Click the “Create index pattern” button. Select the new Logstash index that is generated by the Fluentd DaemonSet. Click “Next step”.
Set the “Time Filter field name” to “@timestamp”. Then, click “Create index pattern”.
Click “Discover” to view your application logs.
Sanity Check
Let’s spin up a quick Node.js app to test.

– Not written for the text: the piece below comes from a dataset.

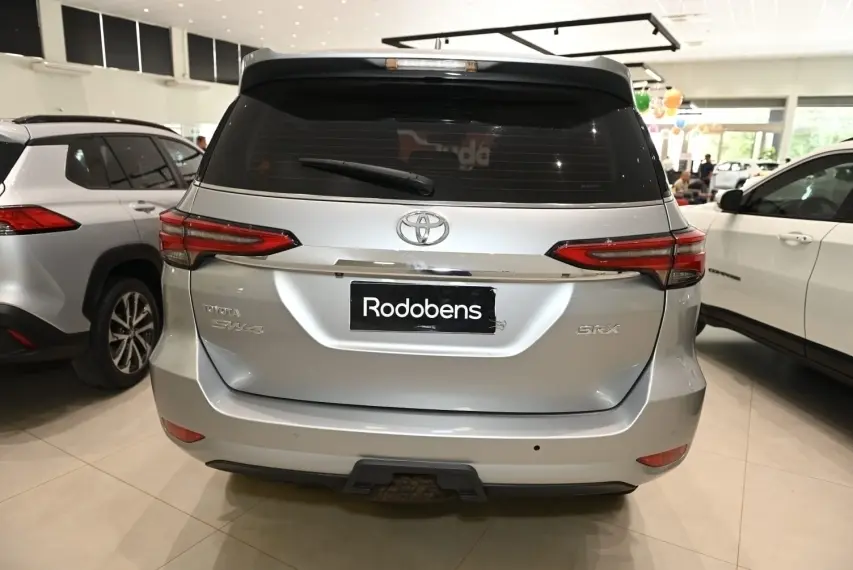 galeria HILUX SW4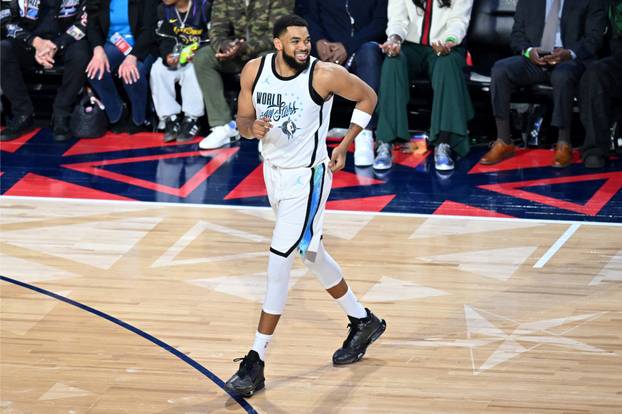 FOTO Poznati na NBA all staru: Kraljevski par privukao poglede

Point your local Docker client at the Minikube Docker daemon, and then build the image:
$ eval $(minikube docker-env)
$ docker build -t fluentd-node-sample:latest -f sample-app/Dockerfile sample-app
Create the deployment:
$ kubectl create -f kubernetes/node-deployment.yaml
Take a quick look at the app in sample-app/index.js:
const SimpleNodeLogger = require('simple-node-logger');
const opts = {
timestampFormat:'YYYY-MM-DD HH:mm:ss.SSS'
};
const log = SimpleNodeLogger.createSimpleLogger(opts);
(function repeatMe() {
setTimeout(() => {
log.info('it works');
repeatMe();
}, 1000)
})();
So, it just logs 'it works'
to stdout every second.
Back in “Discover” on the Kibana dashboard, add the following filter:
- Field:
kubernetes.pod_name
- Operator:
is
- Value:
node
Now, you should be able to see the it works
log in the stream.
Again, you can find the code in the efk-kubernetes repo on GitHub.